Since 2005 he is married to the Austrian designer Simone Monu and has three children.

== Filmography ==
- The Unintentional Kidnapping of Mrs. Elfriede Ott (Dor Film, 2010), as Malou
- Nachtschicht: "Blutige Stadtt" (Network Movie, 2007)
- KDD: "Scham" (Hofmann & Voges / ZDF, 2008), as David Kwahne
- Kommissarin Lucas: "German Angst" (Olga Film / ZDF, 2007), as Chris Arano
- Tatort: "Schattenspiele" (Studio Hamburg, 2006), as Jonathan Waputo
- Tatort: "Ein Tod aus Afrika" (Satel Film / ORF, 2006), as Farah
- Gefangene (Tagtraum / ZDF, 2005), as Moussa
- Vier Frauen und ein Todesfall: "Künstlerpech" (Dor Film / ORF, 2004), as Maurice Videre
- Doctors: "Shattered Dreams" (BBC, 2003), as Simon Dunning
- EastEnders (BBC, 2003), as Dr. Murray
- Holby City: "Facing Facts" (BBC, 2002), as Howard Lewis
- Monarch of the Glen (2001), as D.C. West
- The Glass – 4 Episodes (2001), as Ray Collins
- Peak Practice: "Walls of Jericho" (Central Television (2000), as Tyrone Wells
- The Whistle-Blower (BBC, 2000), as Tony Shiner
- Stigma (Maverick Films, 1998, short), as Thierry Masart
- All Our Sins Remembered… (Polite Films, 1997, short), as Jack Whitehawk
- After The Wax (dir. Chaz Maviyane-Davies, 1992, short)
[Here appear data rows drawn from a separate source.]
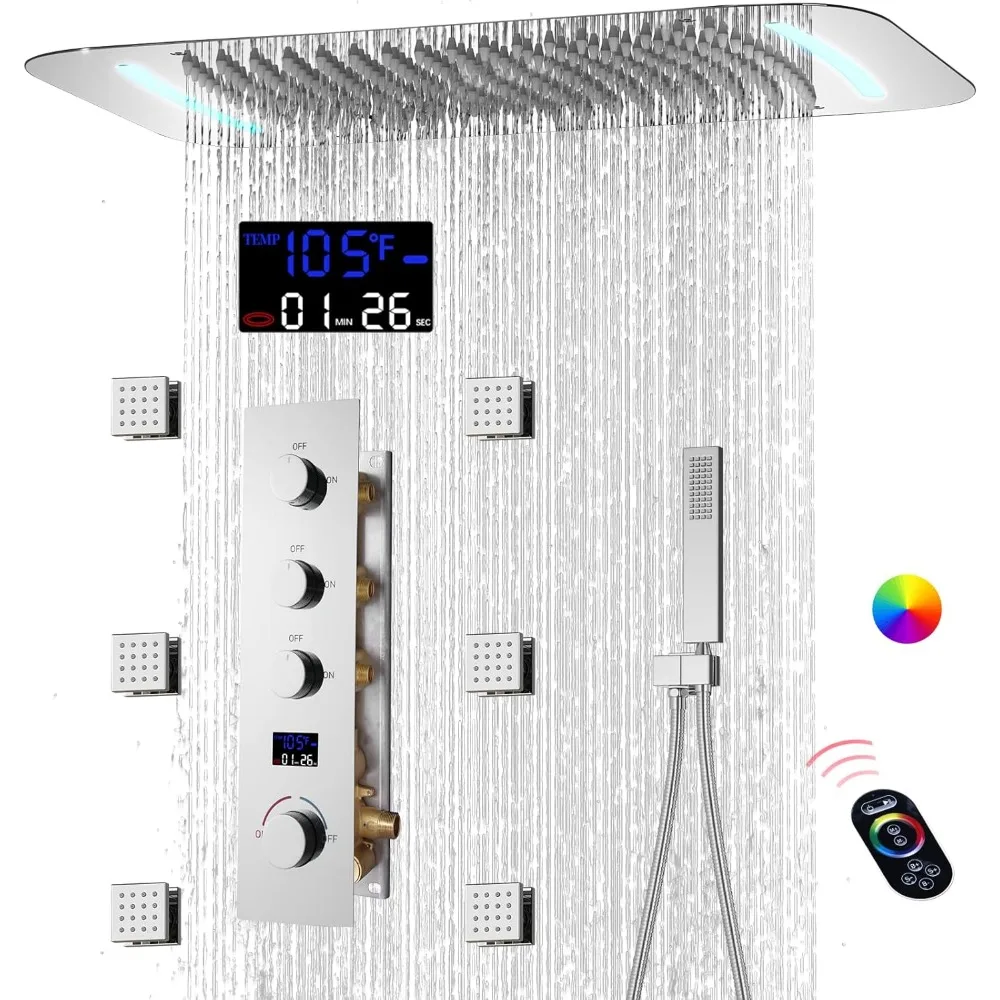 

Digital Display Full Body Shower System with 16x26 Inch Ceiling Rain LED Shower Head and Handheld Shower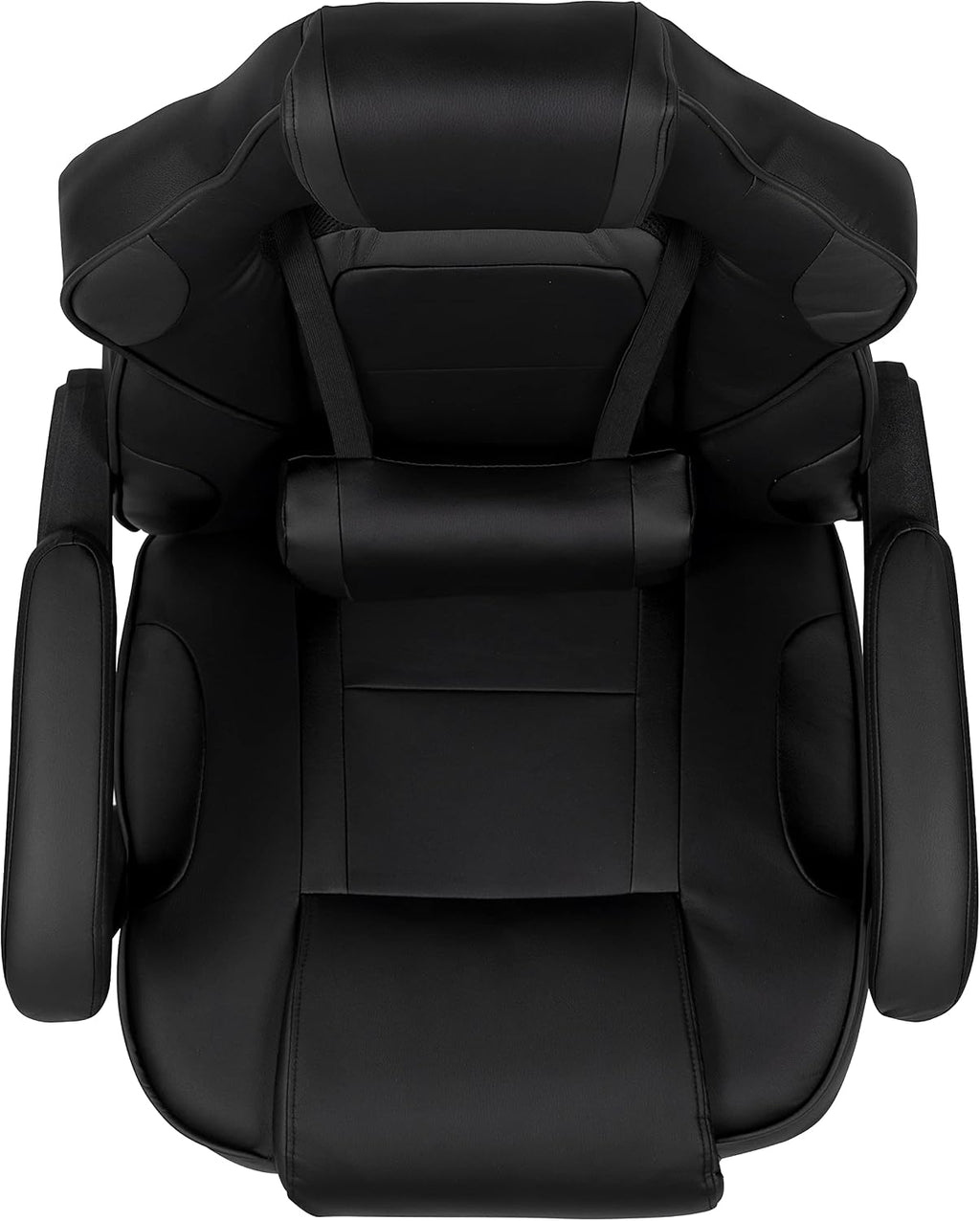 EMMA + OLIVER Black Ergonomic Gaming Chair -Recline Back/Arms, Footrest, Massaging Lumbar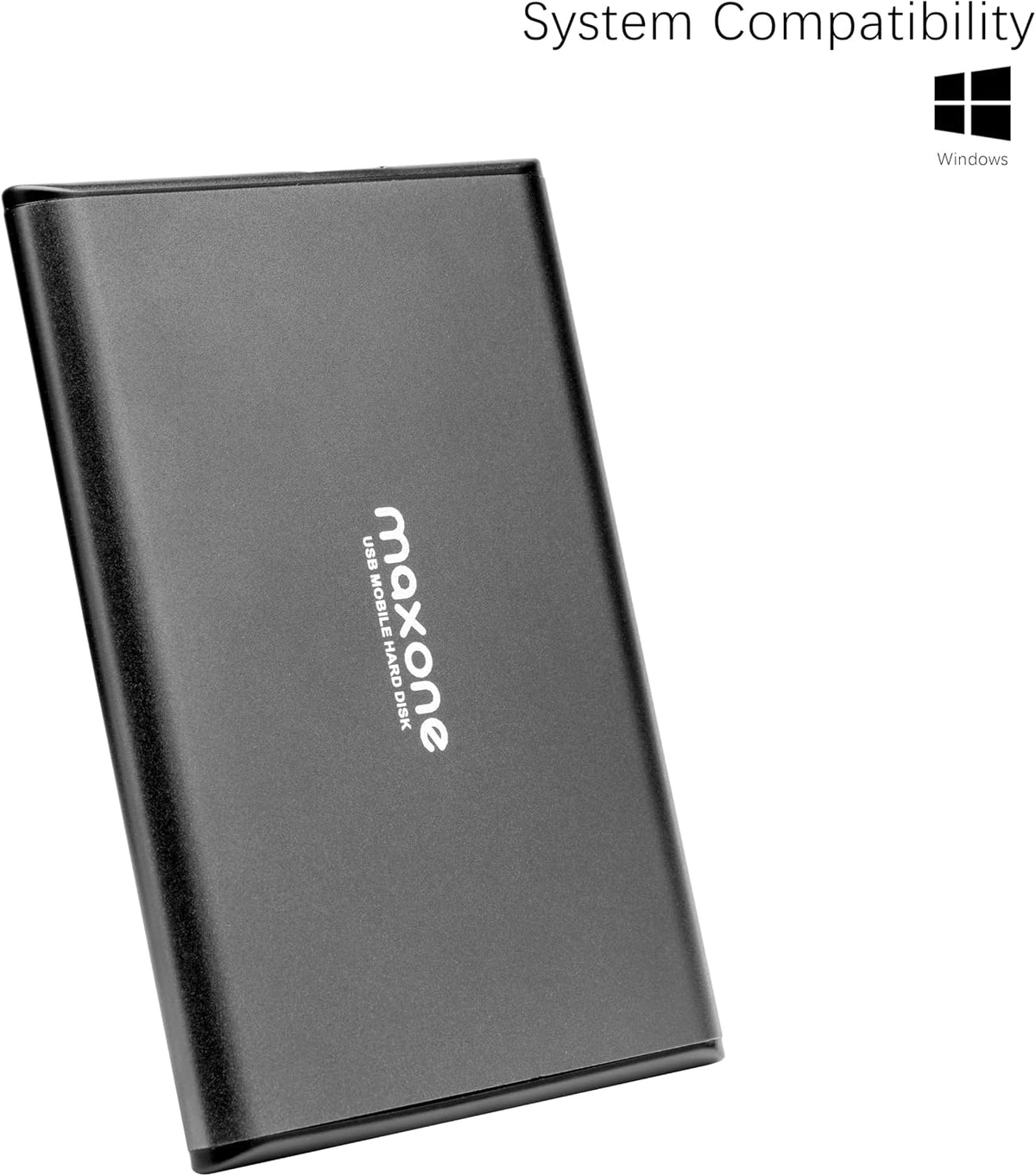 Maxone 500GB Ultra Slim Portable External Hard Drive HDD USB 3.0 Compatible with PC, Laptop, Charcoal Grey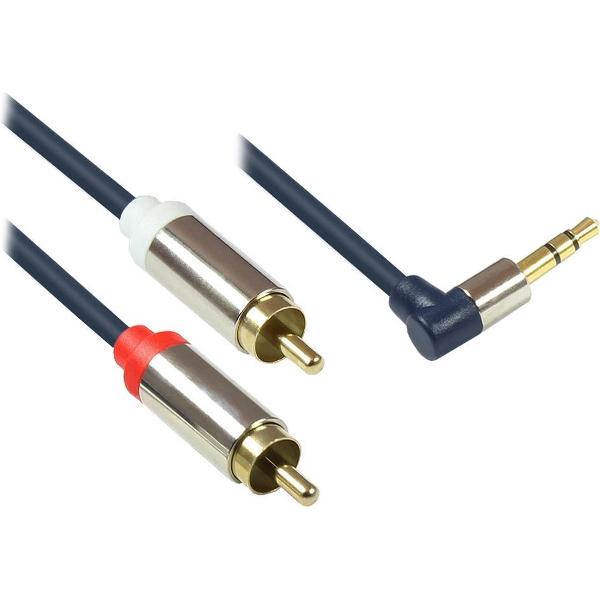 Alcasa GC-M0062 audio kabel 0,5 m 3.5mm 2 x RCA Blauw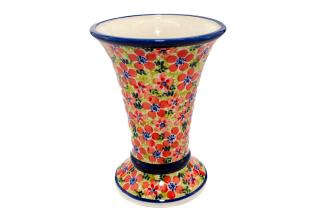 Vaza ceramica, decorativa, Fire Poppies, smaltuita, impermeabila, pictata manual, inaltime 19,5 cm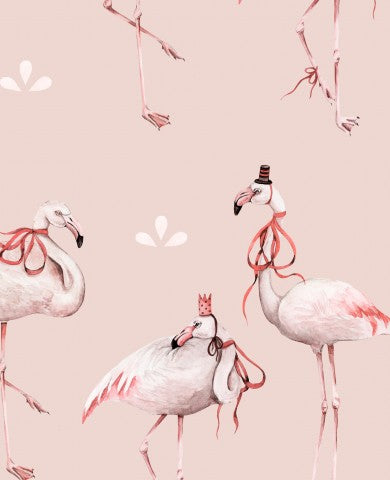 Satin Baumwolle Flamingos in verschiedenen Posen auf einem rosa Hintergrund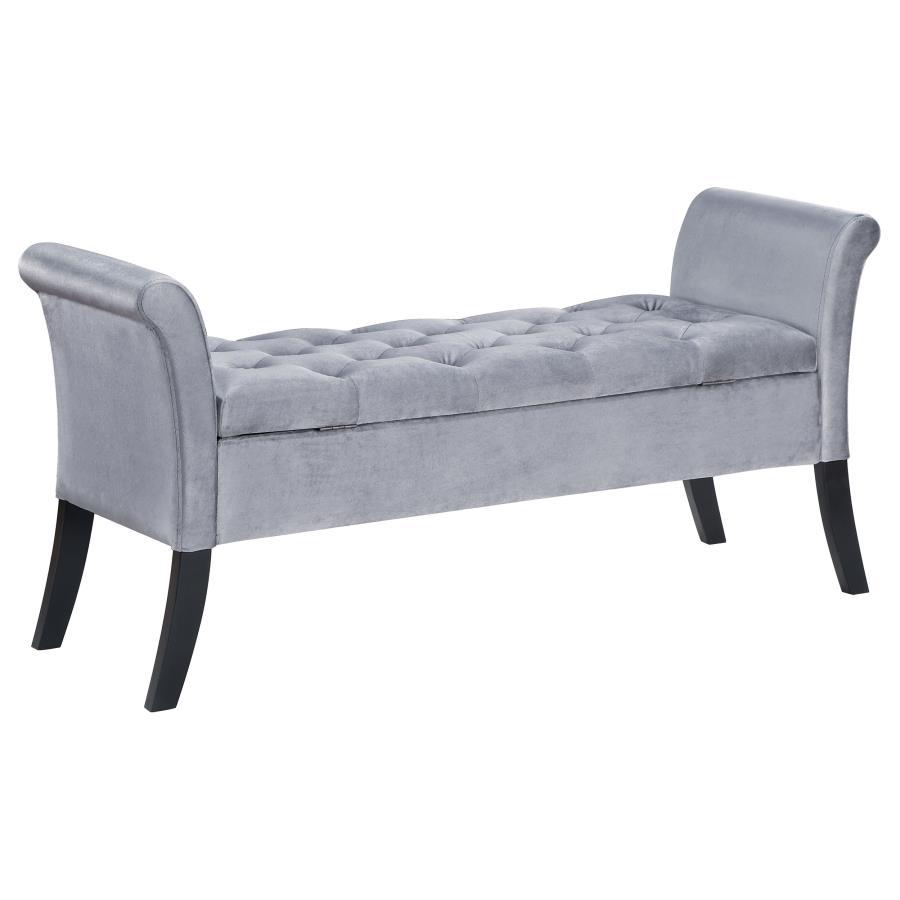 Farrah - Upholstered Rolled Arms Storage Bench - Silver And Black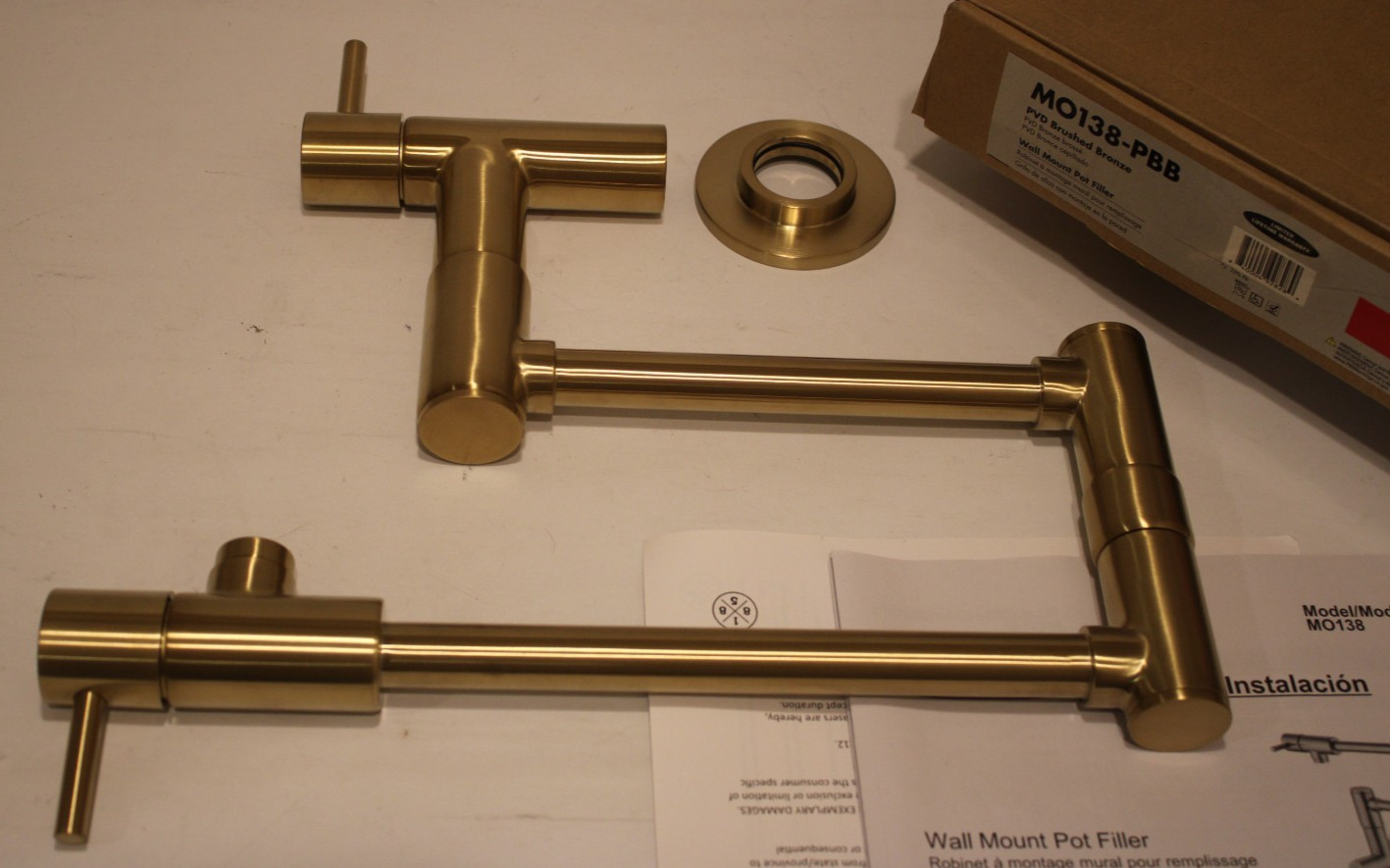 Luxart MO138-PBB - Wall-Mounted Pot Filler Faucet - Brushed Bronze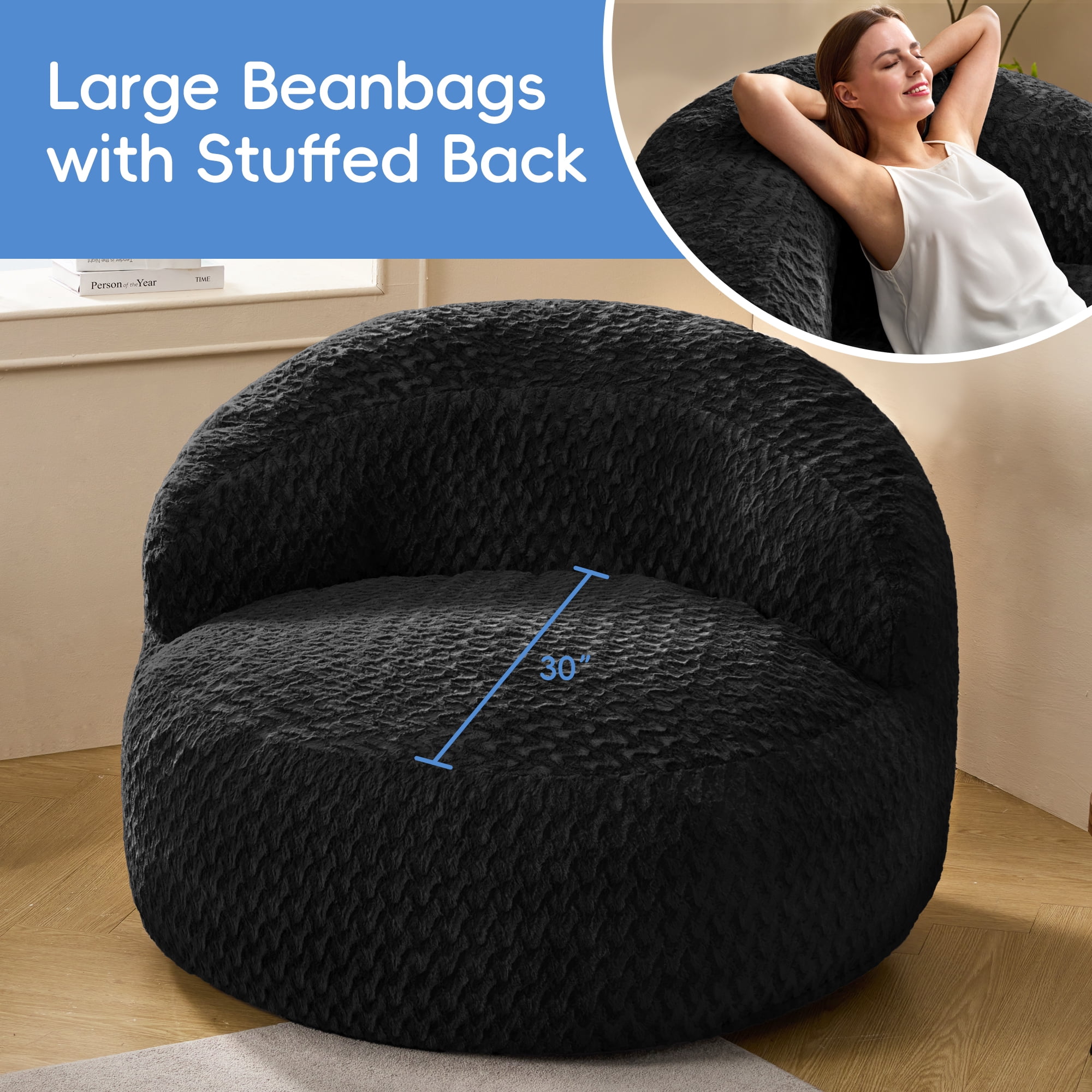 Hobestluk 4FT Bean Bag Chair for Adults with Memory Foam Filler Giant Beanbag with Faux Fur Cover for Bedroom (Chevron Black,Oversize)
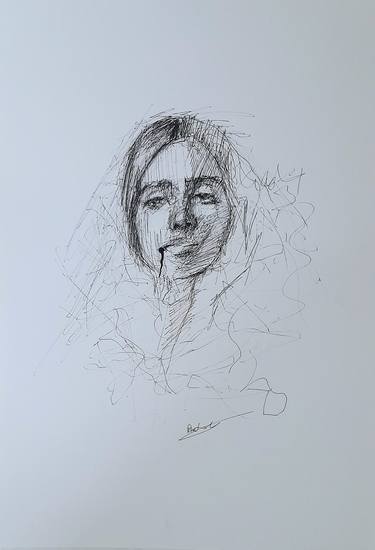 Original Abstract Women Drawing by Prakash Bahadur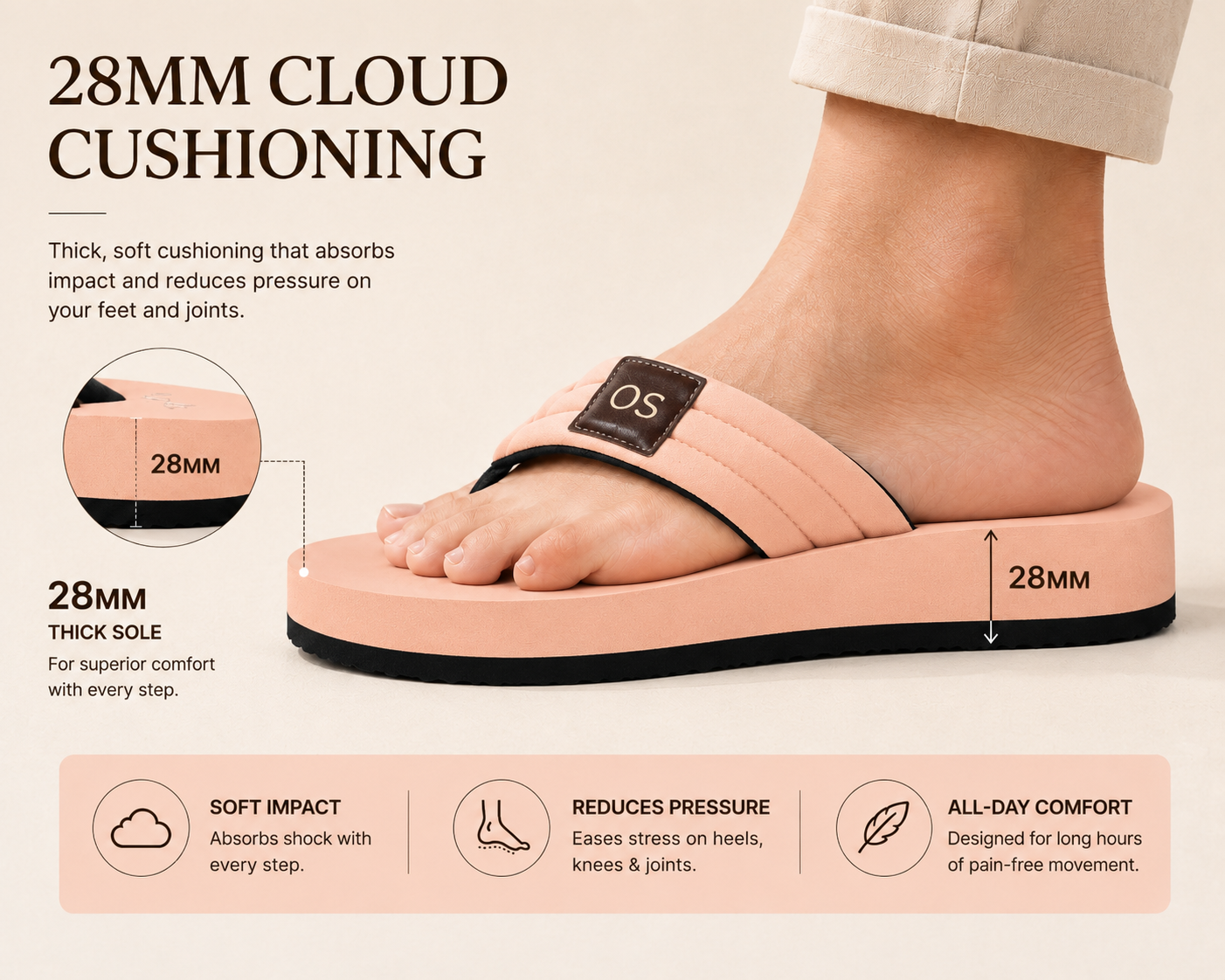 Comfort That Moves With You. Peach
- Lead parts in different TV series like The Bill, EastEnders, Screen One (Black and Blue), The Professionals, Boon 1989–97

== Awards ==
- 2011 Lagos Heritage Festival - Best Nigerian Theatre Play - THE COST OF LIVING
- 1990 he won the Evening Standard Award for the play Talking in Tongues at the Royal Court Theatre and was nominated as best actor in a supporting role.
- 1993 the film After the Wax won at the South African Film Festivals in Harare prices for best director and best short film.